- Poster designed by Santhosh
- Directed by: P. Padmarajan
- Written by: P. Padmarajan
- Based on: Udakappola by P. Padmarajan
- Produced by: P. Stanley
- Starring: Mohanlal Sumalatha Parvathy Sreenath Ashokan Babu Namboothiri
- Cinematography: Ajayan Vincent Jayanan Vincent
- Edited by: B. Lenin V. T. Vijayan (Assistant)
- Music by: Songs: Perumbavoor G. Raveendranath Score: Johnson
- Production company: Sitara Pictures
- Distributed by: Gandhimathi Films
- Release date: 31 July 1987;
- Running time: 151 minutes
- Country: India
- Language: Malayalam

= Thoovanathumbikal =

Thoovanathumbikal or, Dragonflies in the Gentle Rain, is a 1987 Indian Malayalam-language romantic drama film written and directed by P. Padmarajan, based partly on his own novel Udakappola. It revolves around Jayakrishnan (Mohanlal) who falls in love with two women; Radha (Parvathy), a distant relative of his, and Clara (Sumalatha), an escort in town.

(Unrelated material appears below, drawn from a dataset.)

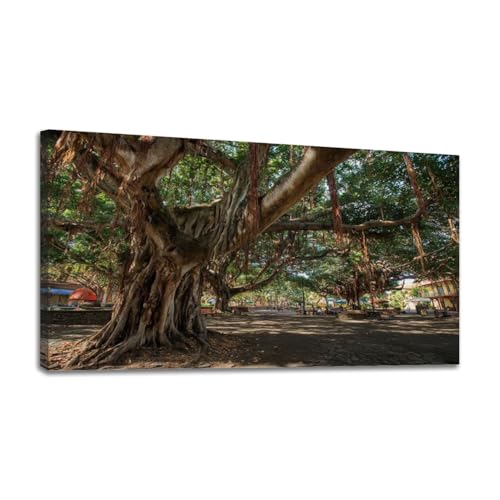 24"x 48" Canvas Wall Art Banyan Tree Lahaina Maui HI Framed Pictures Painting Print Large Wall Art for Living Room Bedroom Abstract Home Wall Decor Artwork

An experimental film, it was a commercial failure at the box office, but over the years it has turned into a cult film with a large fan following. It was ranked eighth by IBN Live in the list of greatest Indian films of all time. The film is widely noted for its rich film score and songs, dialogues and characters, detailed screenplay, and Mohanlal and Sumalatha's performance. Rain is a recurring theme and is portrayed almost as a character in the film.

==Plot==
Jayakrishnan is a well-to-do bachelor who lives a contrasting dual life: one among his friends in the town, and the other with his mother and sister at their village. While he is an audacious guy celebrating life with his friends in town, he is a frugal family man at home. The film is about his dual life, how he falls in love with two women, Clara and Radha, and his difficulty in deciding between them.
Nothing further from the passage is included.